Workforce Policy

Equity at the Center How Federal Policymakers Can Support Diverse Student Populations in CTE Pathways Through High-Quality Data (1)

Equity at the Center: How Federal Policymakers Can Support Diverse Student Populations in CTE Pathways Through High-Quality Data

By Kayla C. Elliott, Ph.D. and Natalie Truong

In the mid-19th century, railways in the United States consisted of dozens of small local networks with limited range. As the industry grew, private operators began to work together to standardize mechanisms, maximize profits, and minimize costs. Not until Congress passed the Pacific Railway Act in 1862 did a national effort begin to link all the disjointed pieces into one truly transcontinental railroad. Eventually, four of the five transcontinental railroads built used funding from federal land grants.

After their completion, these coast-to-coast connections decreased the time and cost of shipping and travel, increased trade between states, and spurred additional routes. A similar unification of the country’s current Career and Technical Education (CTE) pathways into a cohesive federal system has the potential to standardize goals and metrics, maximize employment, and minimize inequities for learners and workers who all too often get stranded and left behind.

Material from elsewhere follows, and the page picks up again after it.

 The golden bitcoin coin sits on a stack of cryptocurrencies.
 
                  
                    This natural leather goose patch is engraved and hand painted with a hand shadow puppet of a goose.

CTE pathways have no shortage of operators. They include the U.S. Department of Labor and U.S. Department of Education, and their state counterparts, kindergarten-to-12th grade (K-12) schools and school systems, colleges and other postsecondary providers, employers, intermediaries, and associations. This wide network of actors facilitates courses and programs that provide the skills and knowledge required for specific jobs or fields of work. High-quality education and career pathways can help learners transition into high-demand, higher-wage careers. Unfortunately, just as the early railways profited from the exploitation and exclusion of Asian, Black, and Native Americans, current CTE pathways uphold the historic practice of tracking today’s students of color into programs that lead to low-wage positions in the U.S. labor market.

Truly high-quality data would finally help stakeholders identify communities of color who are currently lost or inaccessible, such as Afro Latinos, Southeast Asian Americans, and immigrant students, including undocumented students and newcomer students who have recently arrived in the United States. The collection of data on CTE pathways should focus on program-level outcomes to facilitate the identification of learner populations in need of additional supports and interventions. Quality data allow stakeholders to understand which programs are equitably serving, supporting, and retaining students, and which programs need improvement.

These data can help decision-makers understand and assess program quality, success, and outcomes for different learner populations. Truly high-quality data would finally help stakeholders identify learners in communities of color, such as Afro Latinos, Southeast Asian Americans, and undocumented and newcomer immigrants, who are currently invisible in data.